The Pietà at St. Peter's Basilica
Of course, da Fonseca is not alone in portraying Mary as a central figure in artistic composition. At the risk of correlating the Goan artist’s images to Western iconography, my purpose in comparing da Fonseca’s renditions to Michelangelo’s Pietà will be revealed to be more about female representation than about similarities in Christian art. In 1972, Laszlo Toth infamously struck Michelangelo’s creation at St. Peter’s Basilica with a hammer, declaring that he was Jesus Christ. Despite Toth’s messianic pronouncement, it was not the figure of Jesus in the sculpture that he chose to efface, but that of Mary. The repaired statue now finds protection behind glass, still drawing attention to Michelangelo’s artistic focus on the Madonna. The dead Christ lies on her lap, almost out of view. His body is seen upon following the trajectory of the Mother’s downcast eyes. Mary, here, is not so much an icon of divinity, but a mother in mourning. Though Toth’s actions could be psychoanalyzed as an oedipal expression of repressed feelings towards a mother figure, did he exact his vengeance on the Madonna because of the gendered representation of her humanity?

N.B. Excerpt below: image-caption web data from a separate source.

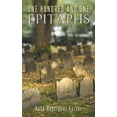 thumbnail image 1 of One Hundred and One Epitaphs, 1 of 1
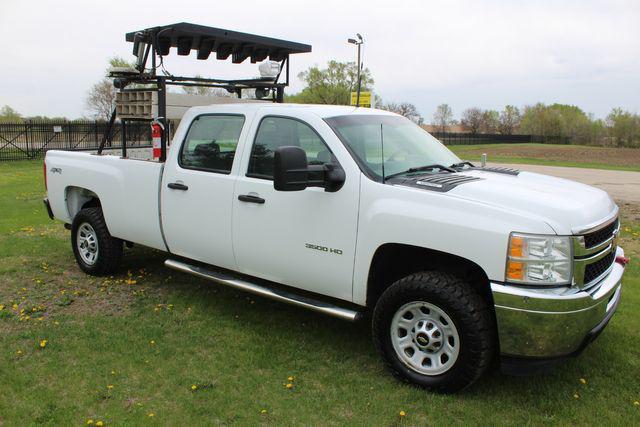 2014 Chevrolet Silverado 3500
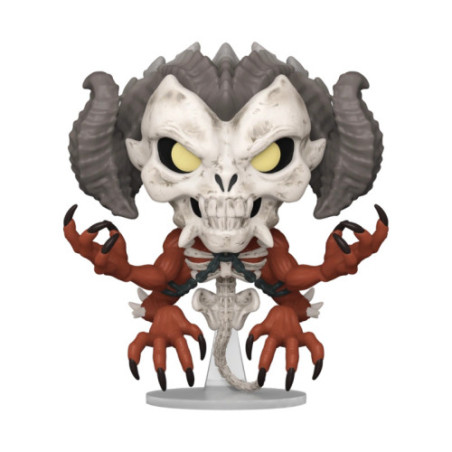 Diablo 4 Pop Mephisto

Angelo da Fonseca (1902-1967)
Compare this to the reception of da Fonseca’s work, produced mostly during the twilight years of colonization in British and Portuguese India. In her evocatively titled essay, “Painting the Madonna Brown,” Savia Viegas, curator of the XCHR exhibits, says of elite Catholic Goan society that they perceived da Fonseca’s Indian-coloured woman as a threat, because “the classical Mary was a source of identity that connected [them] with ‘white society’...” Like Michelangelo, da Fonseca had created a Madonna who was human. But, this time, Mary’s lack of divinity was in the colour of her skin, which also invited attack.
In noting the racialized caste-bias of the Goan artist’s audience, Viegas reveals the subversive element in da Fonseca’s work. In a similar vein, theologian Felix Wilfred indentifies how “the dalits’ encounter with manifold social oppression led to a re-reading of the gospel,” causing the development of South Asian liberation theology – “an analysis of society [that takes] into account the caste structure, directing its critique against Brahminical hegemony.” 
Visitation (1954)


So also, the brown Madonna offers a potential counterpoint to patriarchy in general. For example, when da Fonseca depicts Mary’s visit to her cousin Elizabeth, no visible male figures frame their contact. Here, being a woman is not equated with motherhood. The Madonna, then, is posited in da Fonseca’s oeuvre as a woman whose gender and race brings awareness to marginality. Her humanity is in being the revolutionary other.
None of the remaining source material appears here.